An Orange County Superior Court Judge on Tuesday morning refused to halt Santa Ana’s police union-driven recall election of Councilmember Jessie Lopez, amidst 11th hour questions of whether proponents got enough signatures by using the city’s current electoral map instead of the one Lopez was elected under in 2020.
Instead, the issue is expected to be sorted out after the election, at a hearing scheduled for Jan. 12.
The request for a temporary restraining order was filed by Santa Ana resident Guadalupe Ocampo, who voted for Lopez in 2020 but alleges she now stands to be cut out of the Nov. 14 Lopez recall vote since she doesn’t live in the current boundaries.
There’s as many as 1,200 people in her situation.
For the first time since OC Registrar of Voters Bob Page advised Santa Ana leaders of the issues involved in the gathering of signatures for the recall, arguments were heard on both sides.

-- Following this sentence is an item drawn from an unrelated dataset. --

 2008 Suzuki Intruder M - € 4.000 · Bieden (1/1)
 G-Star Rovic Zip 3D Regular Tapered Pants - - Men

At Tuesday’s hearing, an attorney for the police union-sponsored recall committee said the City Clerk’s office was right to direct recall petitioners to use Lopez’s current ward boundaries.
“Because that’s what’s in Santa Ana’s law. And Santa Ana’s laws supersede any state statute to the contrary,” said recall committee attorney Mark Rosen on Tuesday.
Ocampo’s attorney, however, on Tuesday said the state elections code is clear that an elected official’s original electoral ward boundaries apply to recall elections – and that state elections code applies to recall elections under Santa Ana’s charter.
“Only the voters that put you in place can remove you from office, which is why the petition was insufficient,” said Ocampo’s attorney, Gary Winuk.
“And why the wrong electorate is voting.”
At Tuesday morning’s hearing, OC Superior Court Judge Craig L. Griffin said it was too late in the game to halt the recall election with ballots already mailed and the possibility that he might find the recall proponents’ procedures were sound.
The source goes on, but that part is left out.